Segment Start: RECORDS SUPPLIED

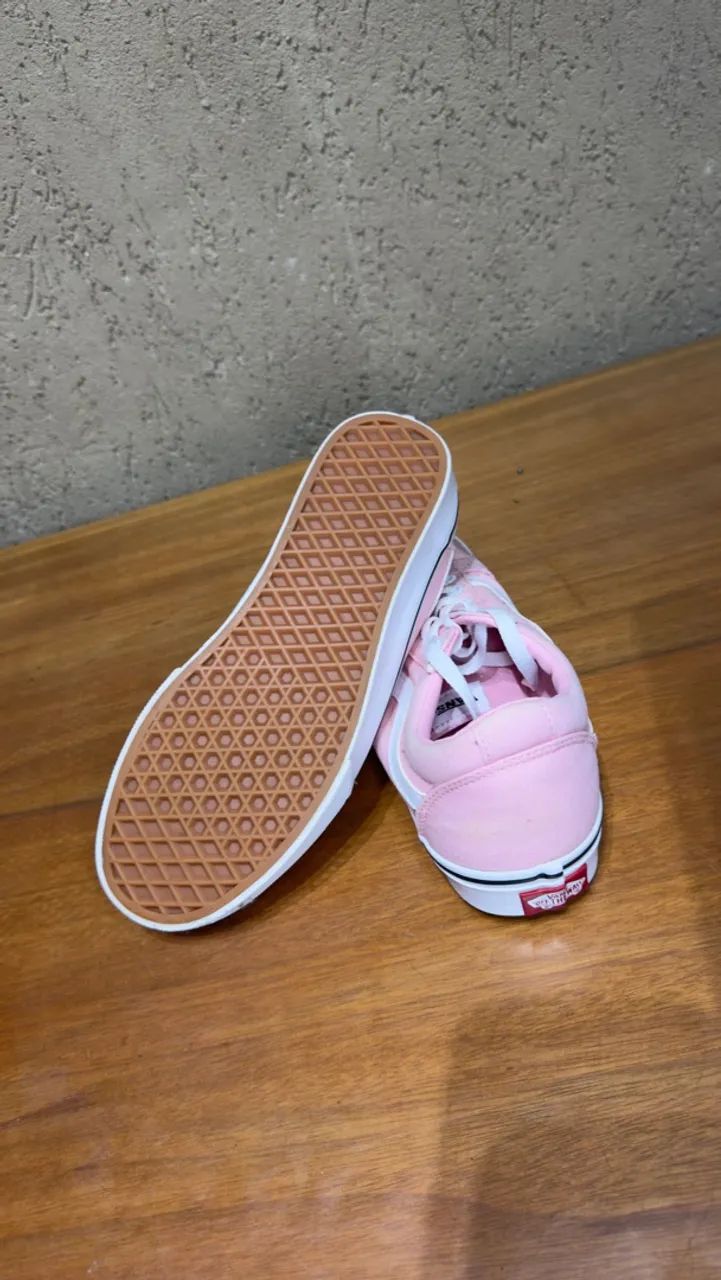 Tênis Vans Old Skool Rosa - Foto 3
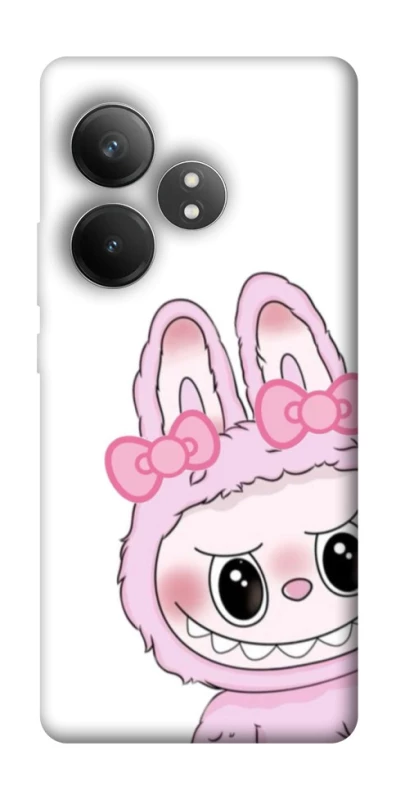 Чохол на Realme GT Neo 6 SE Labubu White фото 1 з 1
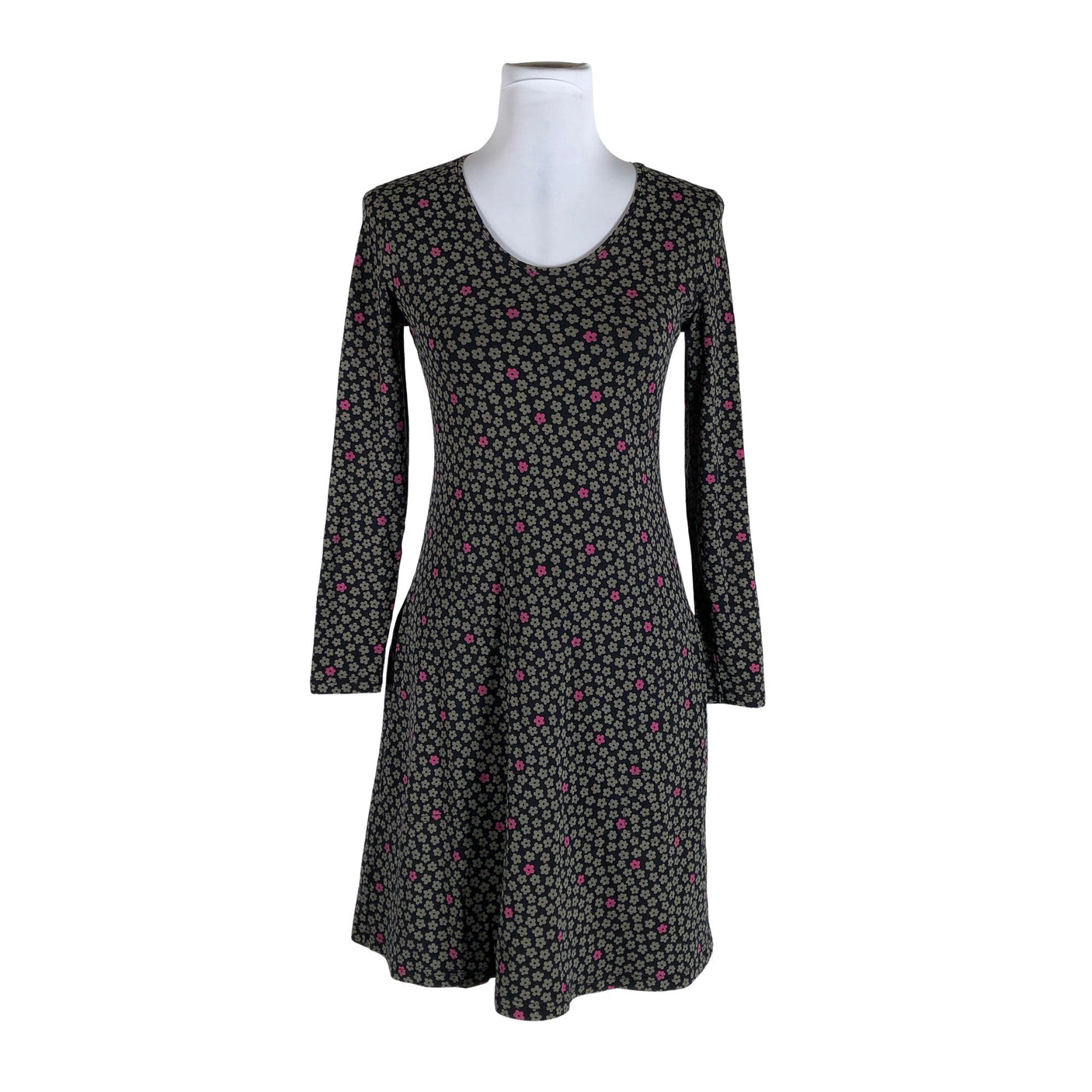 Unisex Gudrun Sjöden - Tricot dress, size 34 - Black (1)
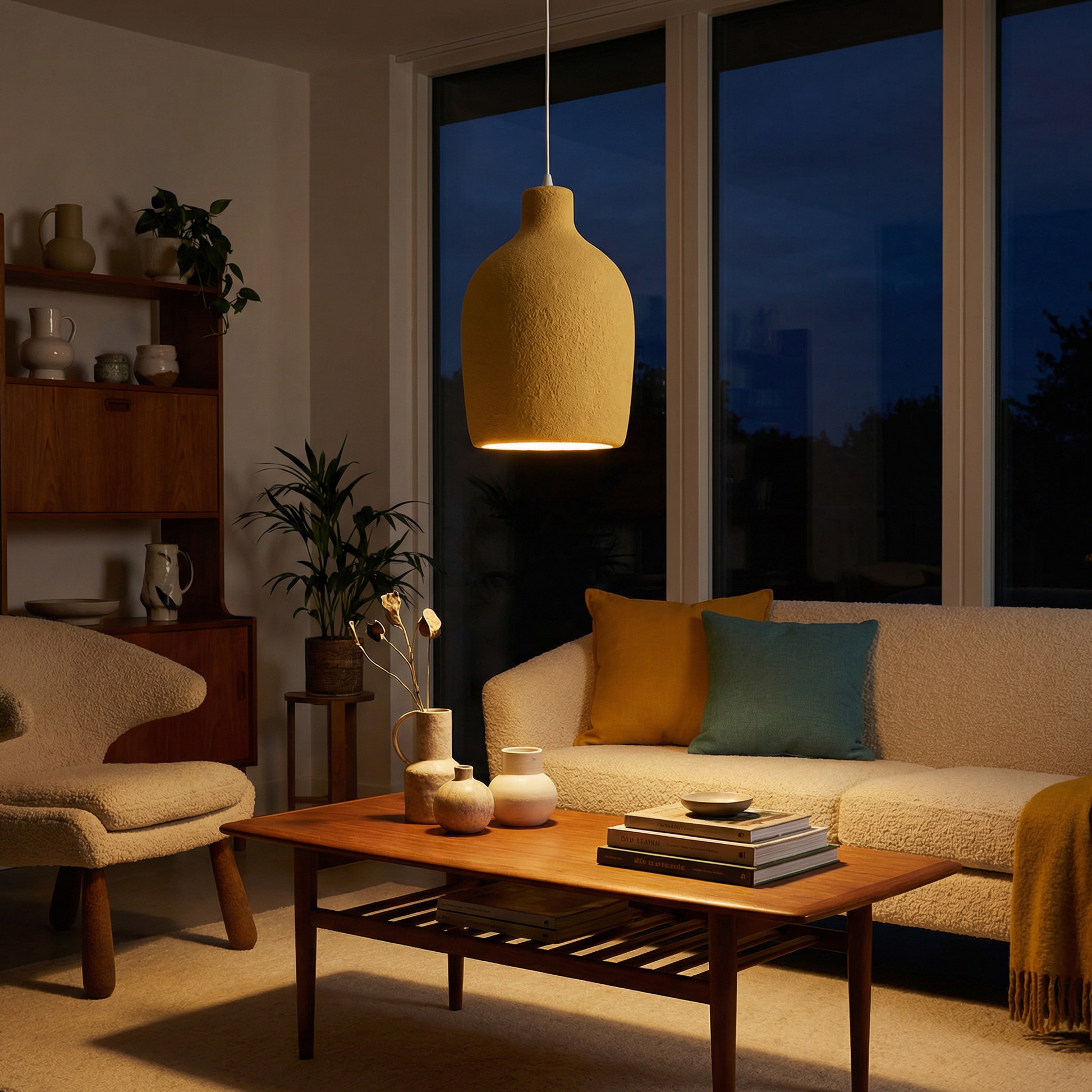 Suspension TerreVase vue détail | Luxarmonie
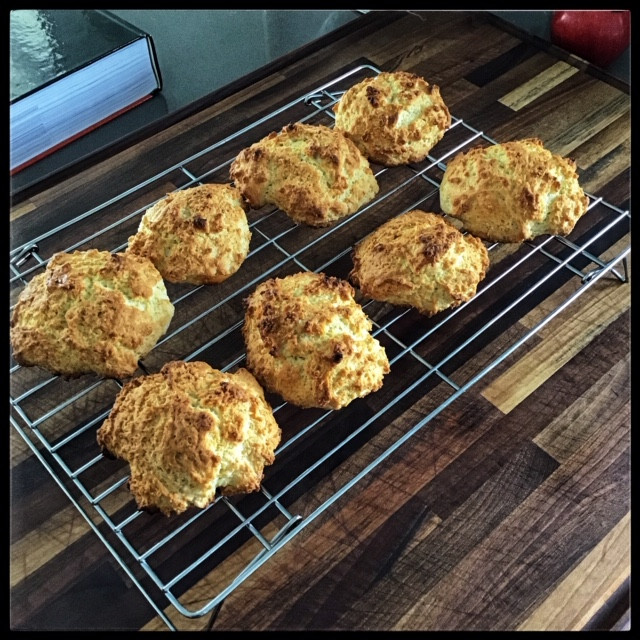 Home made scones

Segment End: RECORDS SUPPLIED

**PROBLEM DETAILS**.
Exact copy, pictures excluded: print only the lines from the line containing "Чохол на Realme" through the end of the records.

**ANSWER SPACE**.
 Чохол на Realme GT Neo 6 SE Labubu White фото 1 з 1
 Unisex Gudrun Sjöden - Tricot dress, size 34 - Black (1)
 Suspension TerreVase vue détail | Luxarmonie
 Home made scones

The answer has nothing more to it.